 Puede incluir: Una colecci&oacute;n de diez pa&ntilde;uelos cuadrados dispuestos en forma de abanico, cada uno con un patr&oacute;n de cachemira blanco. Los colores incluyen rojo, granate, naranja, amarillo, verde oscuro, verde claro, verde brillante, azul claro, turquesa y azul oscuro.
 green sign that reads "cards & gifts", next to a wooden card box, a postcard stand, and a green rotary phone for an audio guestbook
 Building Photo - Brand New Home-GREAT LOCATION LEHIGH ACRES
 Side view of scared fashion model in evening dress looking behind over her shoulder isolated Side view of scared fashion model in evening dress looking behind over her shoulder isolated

---

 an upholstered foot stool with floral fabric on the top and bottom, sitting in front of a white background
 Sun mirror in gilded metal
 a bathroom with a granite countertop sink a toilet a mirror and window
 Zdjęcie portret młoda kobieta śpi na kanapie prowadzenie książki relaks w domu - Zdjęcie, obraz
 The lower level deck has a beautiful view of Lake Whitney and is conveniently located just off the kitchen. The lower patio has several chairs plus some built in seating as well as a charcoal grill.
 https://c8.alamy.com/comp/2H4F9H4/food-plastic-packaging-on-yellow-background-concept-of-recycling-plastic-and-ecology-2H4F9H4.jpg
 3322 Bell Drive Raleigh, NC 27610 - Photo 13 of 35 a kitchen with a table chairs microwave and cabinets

--

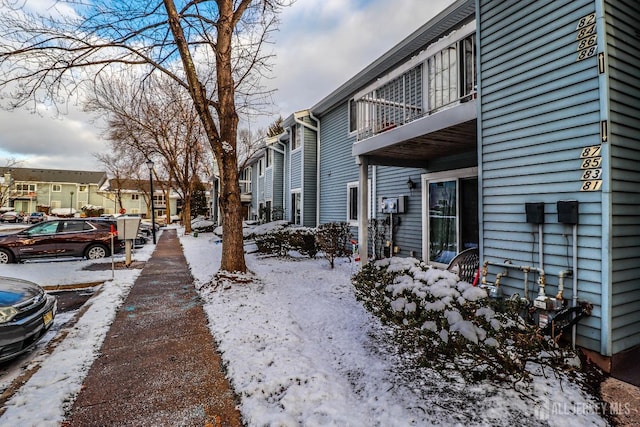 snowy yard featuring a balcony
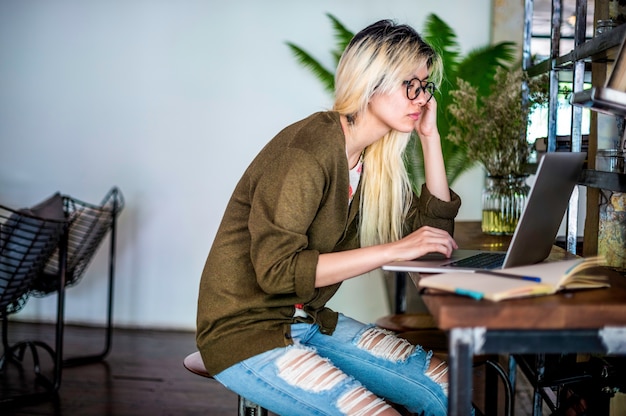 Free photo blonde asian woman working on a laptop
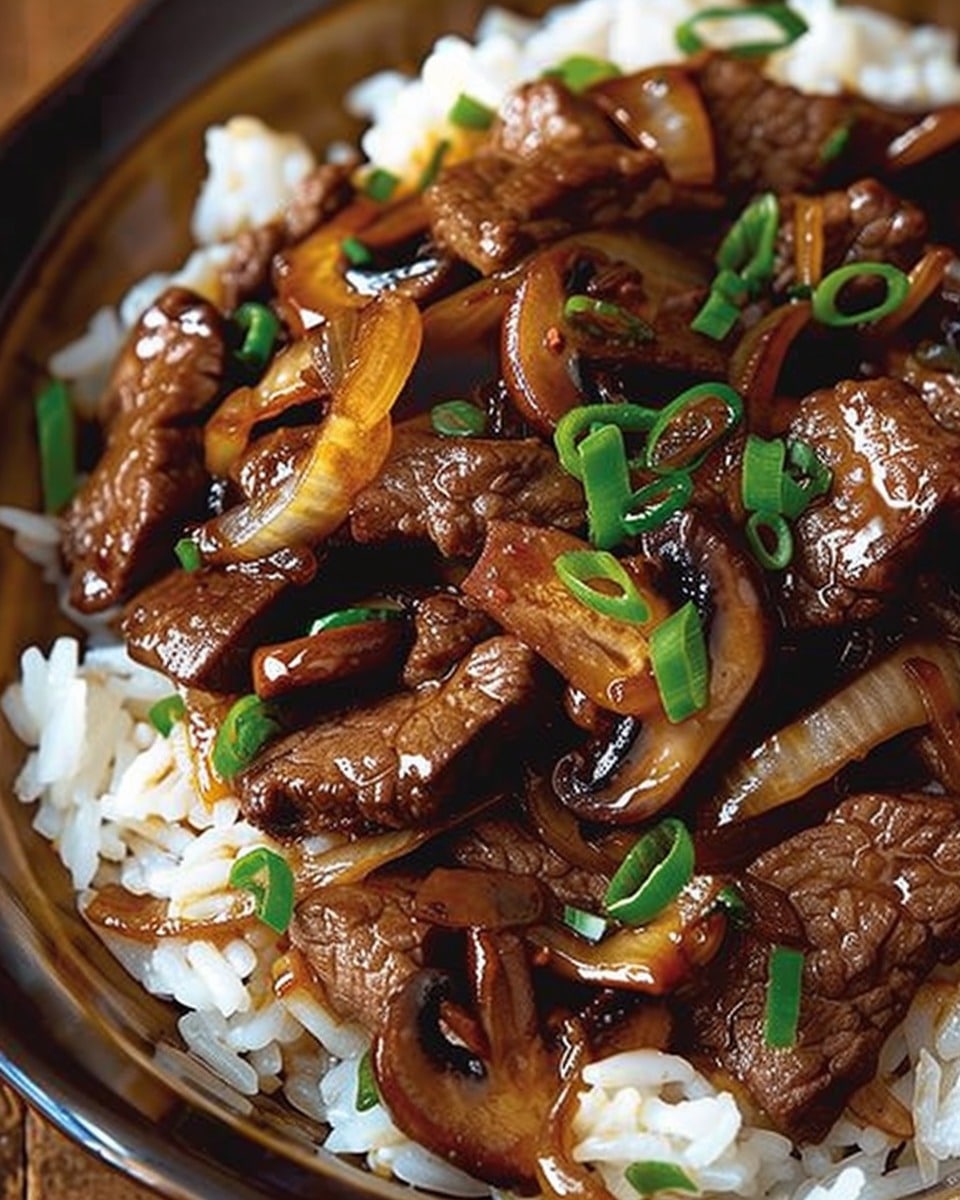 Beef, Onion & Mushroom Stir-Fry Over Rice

TASK TO CARRY OUT
Report each line of the entries where the word "chairs" occurs.

SOLVED PROBLEM
 The lower level deck has a beautiful view of Lake Whitney and is conveniently located just off the kitchen. The lower patio has several chairs plus some built in seating as well as a charcoal grill.
 3322 Bell Drive Raleigh, NC 27610 - Photo 13 of 35 a kitchen with a table chairs microwave and cabinets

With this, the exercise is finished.